If you attend a pre-camp orientation session, or meeting with a camp director over the school year, I guarantee you will hear these words. In any audience of such a gathering, along with the cookies and coffee, there will be the following four attendees:
The Wise Parent: The wise parent is the one who has had three children attend the camp in question before for multiple summers. These parents already know that this camp is perfect for their children. In fact, they have already booked tickets for a childless trip to Europe departing within hours of the camp bus pulling out of the parking lot. They will ask questions relating to whether or not the camp’s policy on electronics has changed from previous years, and whether there have been any changes to the campus over the year. Their questions reflect their knowledge, not their lack thereof.
The Wicked Parent: This parent is usually not in attendance at such events, but when he or she is, he or she is 100% sure that their little star is going to be the cream of the crop at camp.
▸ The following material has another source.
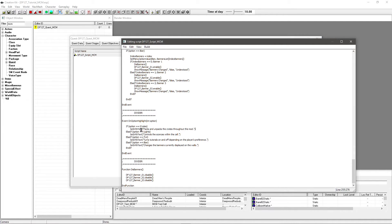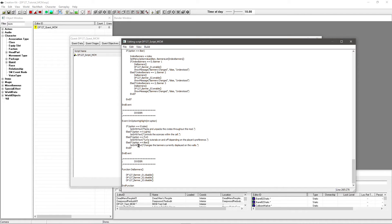You can see here it says setInfoText — 'packs and unpacks the crates throughout the mod'. I've just got something for each option, such as 'turns tutorials on and off depending on the player's preference'. It's really simple — all you do is put this line for each option. You don't necessarily have to have one for every option, but it's nice so that none of them are blank. And it's that simple. I'm just going to go in game now and show you that working.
They are positive that the child will love the camp, whether it’s because they themselves went there or they too really want to book the childless trip to Europe. They are unwilling to consider that perhaps their child isn’t ready for a full summer away, or perhaps their child has been trying to tell them as much for weeks. They have no questions, because how the camp handles homesickness is something that concerns other people—not them.
The Simple Parent: These parents have never sent their child to this particular overnight camp. They have no idea that they have to fill out approximately 1,000 pages of forms, notarized and in triplicate. They do not understand that packing is not going to be a rush job to be done the night before. They have never sat watching an episode of Game of Thrones while simultaneously labeling 300 pairs of underwear with a Sharpie. They ask naïve questions like, “Will my kid have a good time?” to which the answer is, “Yes.”